David Harris to appeal against conviction for hiring hitman
A retired TV producer is to appeal against his conviction for trying to hire a hitman to kill his partner.
David Harris, 68, who had become "besotted" with another woman, was found guilty of offering to pay an undercover policeman £150,000 to murder Hazel Allinson.
His Old Bailey trial heard he wanted to inherit her West Sussex home and elope with sex worker Ugne Cekaviciute, 28.
The Court of Appeal confirmed papers had been lodged for an appeal.
'Kill my wife'
Harris, the former producer of the police drama series The Bill, had claimed he was researching a spy novel and denied solicitation to murder at his trial.
But the retired producer was caught when the police officer posing as a would-be hitman taped a conversation in which Harris said he was "100% sure" he wanted his partner dead.
The jury was told Harris had mounting debts and was desperate to inherit his partner's £800,000 home in Amberley and set up home with Ms Cekaviciute.
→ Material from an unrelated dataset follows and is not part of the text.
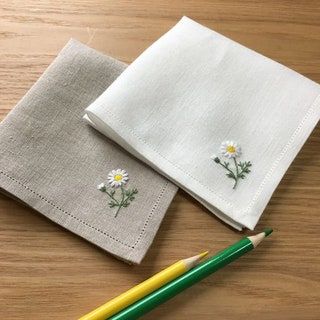 two napkins with embroidered daisies on them next to a pencil and eraser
The Old Bailey was told Harris had approached London mechanic Christopher May in March 2016 and said: "I'm offering you £250,000 to kill my wife."
In November 2016 he met an undercover policeman posing as a hitman called Chris in the car park of Sainsbury's in Balham, south London.
They were introduced by a 6ft 3in "man mountain" called Zed, to whom Harris had previously given Ms Allinson's details and a photograph.
Unknown to Harris, Zed, whose real name is Duke Dean, had already reported him to City of London Police, the court was told.
Jailing Harris for 17 years in July, Judge Anne Molyneux QC said: "For your pipe dream, for your obsessive infatuation with a young woman, Ms Allinson, who had protected and nurtured you, was to die a painful and terrifying death in an isolated spot.
"Her death was to fund your life. You had used her until she had outlasted her usefulness to you."